Any thoughts? Even just dropping a few materials would be fine- I'm aware of http://www.matweb.com

Thanks!

Matt

[Andrew]

Quote:

Originally Posted by Matt Adams

I've been trying to hunt all over the place to find out what sort of steel that boston gear, martin, or SDP makes their gears out of. I'm trying to perform some calculations on gear teeth strength, and I'm looking to find the yield strength for the steels that are commonly used.

I've assumed thus far that 40 KSI is probably a conservative estimate, but I'm pretty sure I've heard that the yield strength on gears could be even twice or three times that. I've also heard that you don't want to assume that sort of strength with gears in calculations, and want to use half or even a third of the true yield strength?

Any thoughts? Even just dropping a few materials would be fine- I'm aware of http://www.matweb.com

Thanks!

Matt

When I last needed gear material information from Boston, I just emailed them and they responded with the type of material and basic specs. I asked about their brass, so I cannot give you the numbers for their steel.

In my experience, yield strength is not a reliable number. It can depend on how the material has been worked. In fact, when the gear is made, it will be worked and therefore the yield point will vary.

Therefore, in calculations, you probably want to use the yield strength as a minimum guaranteed number. This is why you would pick a lower number than that quoted for the material. In other words, if yield strength varied +- 10%, you would want to choose the -10% value for failure calculations.

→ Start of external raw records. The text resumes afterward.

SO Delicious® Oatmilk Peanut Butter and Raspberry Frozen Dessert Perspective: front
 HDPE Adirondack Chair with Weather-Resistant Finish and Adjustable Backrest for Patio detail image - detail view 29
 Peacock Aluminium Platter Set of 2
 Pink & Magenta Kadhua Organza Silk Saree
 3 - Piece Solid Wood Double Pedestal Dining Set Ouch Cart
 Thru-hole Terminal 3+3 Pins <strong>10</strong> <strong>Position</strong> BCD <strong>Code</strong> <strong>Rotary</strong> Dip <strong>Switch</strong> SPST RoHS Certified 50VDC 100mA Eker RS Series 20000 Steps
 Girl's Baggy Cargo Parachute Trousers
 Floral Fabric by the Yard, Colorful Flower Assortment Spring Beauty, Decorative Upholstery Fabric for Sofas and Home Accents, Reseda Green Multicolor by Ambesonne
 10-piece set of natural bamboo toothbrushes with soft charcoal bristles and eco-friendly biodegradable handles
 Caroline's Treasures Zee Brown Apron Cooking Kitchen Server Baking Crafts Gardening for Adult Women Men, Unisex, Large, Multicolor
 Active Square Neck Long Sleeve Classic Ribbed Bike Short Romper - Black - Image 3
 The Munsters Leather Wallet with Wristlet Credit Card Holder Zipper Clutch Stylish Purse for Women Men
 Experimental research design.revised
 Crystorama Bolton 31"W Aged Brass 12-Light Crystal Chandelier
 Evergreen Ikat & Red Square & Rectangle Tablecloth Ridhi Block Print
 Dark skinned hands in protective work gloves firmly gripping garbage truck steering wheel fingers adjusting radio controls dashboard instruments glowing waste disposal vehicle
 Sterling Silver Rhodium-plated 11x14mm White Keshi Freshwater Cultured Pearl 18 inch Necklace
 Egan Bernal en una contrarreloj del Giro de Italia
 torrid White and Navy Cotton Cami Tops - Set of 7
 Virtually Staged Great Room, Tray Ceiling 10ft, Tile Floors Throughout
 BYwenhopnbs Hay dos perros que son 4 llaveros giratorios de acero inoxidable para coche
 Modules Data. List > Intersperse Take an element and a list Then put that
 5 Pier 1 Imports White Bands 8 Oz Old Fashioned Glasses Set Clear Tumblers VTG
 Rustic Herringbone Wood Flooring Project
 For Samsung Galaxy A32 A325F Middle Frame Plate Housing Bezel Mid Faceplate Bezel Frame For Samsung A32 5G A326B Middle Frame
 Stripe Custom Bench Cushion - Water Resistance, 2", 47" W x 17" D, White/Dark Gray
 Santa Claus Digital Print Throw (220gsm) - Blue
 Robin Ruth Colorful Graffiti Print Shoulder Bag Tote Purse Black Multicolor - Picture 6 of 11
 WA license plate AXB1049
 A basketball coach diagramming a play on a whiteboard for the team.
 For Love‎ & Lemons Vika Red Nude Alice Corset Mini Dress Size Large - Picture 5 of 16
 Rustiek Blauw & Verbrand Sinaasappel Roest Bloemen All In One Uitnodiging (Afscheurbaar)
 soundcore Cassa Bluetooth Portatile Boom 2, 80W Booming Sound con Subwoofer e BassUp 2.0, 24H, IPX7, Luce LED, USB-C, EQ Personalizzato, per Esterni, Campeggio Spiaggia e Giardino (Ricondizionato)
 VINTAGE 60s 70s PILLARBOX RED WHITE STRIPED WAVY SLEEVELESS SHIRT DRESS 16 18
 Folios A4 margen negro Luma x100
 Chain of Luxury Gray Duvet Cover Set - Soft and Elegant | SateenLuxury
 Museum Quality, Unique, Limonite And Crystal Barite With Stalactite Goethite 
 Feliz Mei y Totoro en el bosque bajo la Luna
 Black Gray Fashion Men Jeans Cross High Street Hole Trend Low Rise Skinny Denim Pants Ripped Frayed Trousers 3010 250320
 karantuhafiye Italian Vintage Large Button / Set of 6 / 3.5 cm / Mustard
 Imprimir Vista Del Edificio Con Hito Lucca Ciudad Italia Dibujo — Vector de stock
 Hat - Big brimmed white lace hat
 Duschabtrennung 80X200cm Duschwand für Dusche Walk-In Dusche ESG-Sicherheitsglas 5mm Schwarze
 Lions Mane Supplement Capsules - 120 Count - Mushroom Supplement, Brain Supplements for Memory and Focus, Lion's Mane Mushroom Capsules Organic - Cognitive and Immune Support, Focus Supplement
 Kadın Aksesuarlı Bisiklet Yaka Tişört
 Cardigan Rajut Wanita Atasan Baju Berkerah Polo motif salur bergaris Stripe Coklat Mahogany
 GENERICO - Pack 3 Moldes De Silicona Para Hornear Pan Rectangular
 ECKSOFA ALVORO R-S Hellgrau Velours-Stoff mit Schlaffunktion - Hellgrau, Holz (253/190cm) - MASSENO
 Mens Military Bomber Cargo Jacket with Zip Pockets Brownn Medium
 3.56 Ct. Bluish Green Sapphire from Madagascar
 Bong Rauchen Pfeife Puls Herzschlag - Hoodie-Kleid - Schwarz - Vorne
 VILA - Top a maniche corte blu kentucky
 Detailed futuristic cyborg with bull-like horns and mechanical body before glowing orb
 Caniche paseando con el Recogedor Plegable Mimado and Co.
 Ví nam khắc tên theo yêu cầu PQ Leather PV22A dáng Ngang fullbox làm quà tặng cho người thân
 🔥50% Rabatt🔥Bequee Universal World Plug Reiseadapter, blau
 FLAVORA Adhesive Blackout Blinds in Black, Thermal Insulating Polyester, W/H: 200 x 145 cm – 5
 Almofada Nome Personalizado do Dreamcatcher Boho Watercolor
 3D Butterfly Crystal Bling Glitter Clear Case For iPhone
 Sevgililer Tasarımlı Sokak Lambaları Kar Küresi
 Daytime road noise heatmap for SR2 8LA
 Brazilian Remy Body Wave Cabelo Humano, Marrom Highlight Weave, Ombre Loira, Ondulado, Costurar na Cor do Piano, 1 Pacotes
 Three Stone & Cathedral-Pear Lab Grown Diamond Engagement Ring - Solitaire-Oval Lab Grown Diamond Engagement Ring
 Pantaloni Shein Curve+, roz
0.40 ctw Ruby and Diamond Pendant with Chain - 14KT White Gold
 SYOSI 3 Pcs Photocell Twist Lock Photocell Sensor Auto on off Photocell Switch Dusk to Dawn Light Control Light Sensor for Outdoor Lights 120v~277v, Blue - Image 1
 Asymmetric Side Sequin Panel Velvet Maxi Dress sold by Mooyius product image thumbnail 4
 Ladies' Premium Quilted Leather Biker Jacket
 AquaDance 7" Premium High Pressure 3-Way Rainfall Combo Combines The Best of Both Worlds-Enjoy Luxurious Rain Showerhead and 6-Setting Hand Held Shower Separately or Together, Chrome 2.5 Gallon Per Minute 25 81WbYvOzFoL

Other than that, the conditions that the gear tooth is going to experience are highly variable and the stress formulas include a number of approximations. You normally assume a safety factor in your calculations to account for both of these variations. Numbers from 1.5 to 3 are not uncommon.

As for variations in yield strength by material, some steels have 40 ksi. Without looking it up, I remember that 4140 steel is twice the "generic steel" yield. I seem to remember also that stainless steel tends to have lower yield strength than the non-stainless, high strength steels. That doesn't mean that there isn't a stainless, high strength steel out there.

You also need to make sure you mean "yield" and not "ultimate." At yield, the tooth will deform. At ultimate, the tooth will break.

Not knowing what you are trying to accomplish, I would recommend using 30 ksi for yield and a safety factor of 2. If your numbers say this isn't going to be good enough, I'd start to look deeper into the type of material and actual loading conditions.

[Matt Adams]

Quote:

Originally Posted by Andrew

You also need to make sure you mean "yield" and not "ultimate." At yield, the tooth will deform. At ultimate, the tooth will break.

Not knowing what you are trying to accomplish, I would recommend using 30 ksi for yield and a safety factor of 2. If your numbers say this isn't going to be good enough, I'd start to look deeper into the type of material and actual loading conditions.

Just a couple of thoughts: In gears... I'd imagine that teeth deforming or bending aren't significantly better than breaking, since you'll obviously have pretty terrible binding issues with bent teeth.

The equations I'm using are the already conservative Lewis Bending equation, which assumes forces are acting at the tip, the length is the full depth, and the size is the width and height of the pitch diameter, treating it as a simple cantilever beam.

I'm trying to be conservative, since there will already be some dynamic forces involved as these gears will be engaging in the plane of rotation... but when you start compounding conservative values.. it gets to be a little crazy. I'm looking for something reasonably conservative. How you define that.. I don't know.

I appreciate your advice. Anyone else have thoughts?

Matt

[JessR]

Seems an unspoken part of your analysis approach is to account for the fact that the gear sizing will certainly be driven by the impact loading forces they will see, versus average loading over the service life.

The robot (& gears) have a service life of only few hours (maybe 4 to 20 hours).
You probably already looked at the Boston Gear specifiying material. They use the Service Factor approach & a cookbook, no calculation method. [ http://bostongear.com/ ] Not good for determining this sort of condition, hi impact with short running life.

A few things I would put in the mix for any calculations:
1. The best way to determine the impact forces is probably directly, hook up some instrumentation to a robot and crash it into a wall a few times.
If you want to do it from theory you need to pick some numbers & see how they work out.
Example - pick a number for a max. traction (lbs) your wheels might develop, and multiply it by.. 5? 10? for impact and use that to determing max allowable stress based on yield of the teeth surface (hertzian stress).
Get material specs from the supplier, Boston or whoever. For a first pass I'd use 30 ksi for steel or iron. When you get some actual values you can just scale them to the new yield.

[Joe Johnson]

Unless I know otherwise, I have used 60Kpsi as my yeild for the steel teeth I buy off the shelf.

It is not perfect, but it is probably close enough for my purposes.

As to using the Lewis equation, this is WAY WAY WAY concervative. I approximate the tooth as a beam with the load a the pitch line. I use Mc/I for my max stress condition.

I know these are pretty rough approximations, but they work for me (both in my day job and in 9 years with FIRST).

As to static/dynamic loads, I pretty much just design for stall torque with a whatever safety factor I feel I can sleep with.

Weight matters in FIRST. I try to balance a robust design with one that is not so overdesign it makes me loose a match because I could not put the right enough of sheilding around some soft bit of my bot.

Everything is a balancing act in Engineering.

Joe J.

[Ashley Weed]

Hey, its Greg P, yes, i am on ashley's delphi name, but AH! i do have an answer!

there are typically 3 common materials...

Brass
Steel
Iron

there are also some exotic materials used too...

lexan (plastics)
titanium alloys

yes, yes made gears outa lexan...go ask team 42 about their HUGE lexan gears...

technically, you could make a gear out of anything. the results might not be pretty, although i give you props for tryin'




~Greg!~